Rabbits and Oral Health

Home / Other pets / Rabbits and Oral Health

Having healthy teeth is vital to the quality of life and health of bunnies. One of the main clinical problems of these pets is  teeth overgrowth.

Rabbits have 16 milk teeth and 28 permanent teeth. The ones you see in the front are the Incisors. The molars and premolar teeth are aligned at the back and referred to as the cheek teeth. During infancy they have deciduous teeth (milk teeth) that are replaced by permanent teeth in adulthood, like humans do.

One of the peculiar characteristics is the continuous growth of their teeth, that will need to be balanced with the natural wear done through fibrous feed like hay, alfalfa or herbs.

Contrary to common belief, rabbits are not rodents – they are lagomorphs.

Although they behave like rodents, lagomorphs are different, because they have 4 incisor teeth in the upper jaw and rodents only have two.

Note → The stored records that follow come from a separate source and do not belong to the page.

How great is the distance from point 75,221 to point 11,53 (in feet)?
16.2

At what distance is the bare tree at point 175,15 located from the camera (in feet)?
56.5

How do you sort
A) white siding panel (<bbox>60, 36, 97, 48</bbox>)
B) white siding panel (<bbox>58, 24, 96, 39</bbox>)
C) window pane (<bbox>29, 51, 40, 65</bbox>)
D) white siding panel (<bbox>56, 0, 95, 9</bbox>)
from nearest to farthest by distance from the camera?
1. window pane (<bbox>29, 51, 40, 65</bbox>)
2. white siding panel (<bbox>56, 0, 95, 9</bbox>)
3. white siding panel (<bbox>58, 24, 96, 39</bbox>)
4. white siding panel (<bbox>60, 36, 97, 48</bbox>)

The two extra incisors that lagomorphs have are smaller and they’re called peg incisors. They are located behind the primary incisors. Primary incisors grow in average 2 to 2,4 millimeters a week.

Dental Problems
Complications can arise in other organs due to teeth problems. So check if your rabbit has any of these causes:

  • Lack of hay and fibrous food in the diet (if you give too many pellets, these are easier to chew and do not produce enough wear).
  • Mandibular prognathism, causing impaired teeth occlusion between jaws.
  • Traumatism, that may lead to an incorrect positioning of the teeth.
  • Bad dental occlusion.

Also watch for lesions within the mouth, tongue or cheeks caused by long teeth or edges that aren’t smooth, as abscesses can occur. To treat an abscess, your veterinarian will need to drain it and treat your rabbit with antibiotics and anti-inflammatory drugs; sometimes surgery and tooth extraction are warranted.

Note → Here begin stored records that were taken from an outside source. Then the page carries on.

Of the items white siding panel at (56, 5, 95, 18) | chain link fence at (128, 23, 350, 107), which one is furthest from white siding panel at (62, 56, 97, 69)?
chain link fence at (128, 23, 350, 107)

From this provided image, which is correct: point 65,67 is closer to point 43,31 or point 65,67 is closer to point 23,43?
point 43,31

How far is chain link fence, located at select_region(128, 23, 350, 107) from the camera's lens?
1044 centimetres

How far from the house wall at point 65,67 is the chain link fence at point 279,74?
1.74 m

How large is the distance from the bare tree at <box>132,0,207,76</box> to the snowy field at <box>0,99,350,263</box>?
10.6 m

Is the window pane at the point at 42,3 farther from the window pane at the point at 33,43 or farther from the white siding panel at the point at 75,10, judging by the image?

Your rabbit might have difficulty eating and even drinking, if the teeth are sticking out, and this may lead to nutritional problems.

All animals need adequate nutrition to get all the nutrients essential for their health. But rabbits need their food to adequately erode their teeth as well as give them nutrition or their oral health could be at stake.

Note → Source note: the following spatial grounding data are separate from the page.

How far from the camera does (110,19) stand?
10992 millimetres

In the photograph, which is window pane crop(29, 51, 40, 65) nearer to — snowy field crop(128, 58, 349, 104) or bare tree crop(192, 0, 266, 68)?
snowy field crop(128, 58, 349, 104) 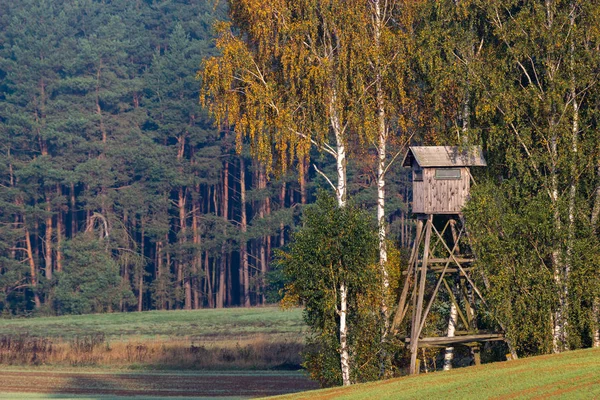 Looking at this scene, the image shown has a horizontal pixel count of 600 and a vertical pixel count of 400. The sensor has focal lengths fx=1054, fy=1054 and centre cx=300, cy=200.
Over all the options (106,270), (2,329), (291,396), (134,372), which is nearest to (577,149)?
(291,396)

What should you give them?
Feeding should remain close to what it would be in natural settings. Based on hay, rich in fibre so that teeth erosion occurs naturally. However, commercially available pellets are a nutritional complement that also promotes some chewing, so don’t disregard them completely.

Pieces of wood and cardboard without additives or appropriate chewing toys are rich in cellulose and will also favor natural erosion of the teeth.

What to avoid?
Feeding them things like muesli, fruit or other treats. Muesli may cause obesity, gastrointestinal problems, rejection of other food types (like hay) that then causes reduction in water intake. If you are currently feeding muesli to your rabbit, the transition to pellets (with lots of hay available) should be done gradually, so the rabbit doesn’t reject the new alternative.

What to look out for?

  • Weight loss
  • Excessive salivation and wet chin
  • Selectivity in foodstuffs, with a preference for softer food
  • Excessive ocular discharge
  • Changes in behavior, such as lethargy and apathy
  • Changes in hygiene habits like disregarding grooming

What to do when problems occur?
Any of the symptoms described are cause to take your rabbit to the vet. Although they look fragile, rabbits are extremely resilient and will only show signs when diseases are well advanced. Take your rabbit to the vet, especially one who has experience in exotic pets. Never attempt to cut your rabbit’s teeth at home.

Your rabbit’s oral cavity will need careful and thorough inspection and in some cases diagnostic imaging like  X-ray is also necessary.

In specific cases where the malocclusion of the teeth is due to a congenital defect, the only solution is regular teeth trimming or removal.

In conclusion
An annual checkup to look at your rabbit’s teeth and overall health is warranted. Treatment success depends on early diagnosis of the condition and adequate nutrition. Better safe than sorry, bunnies always say.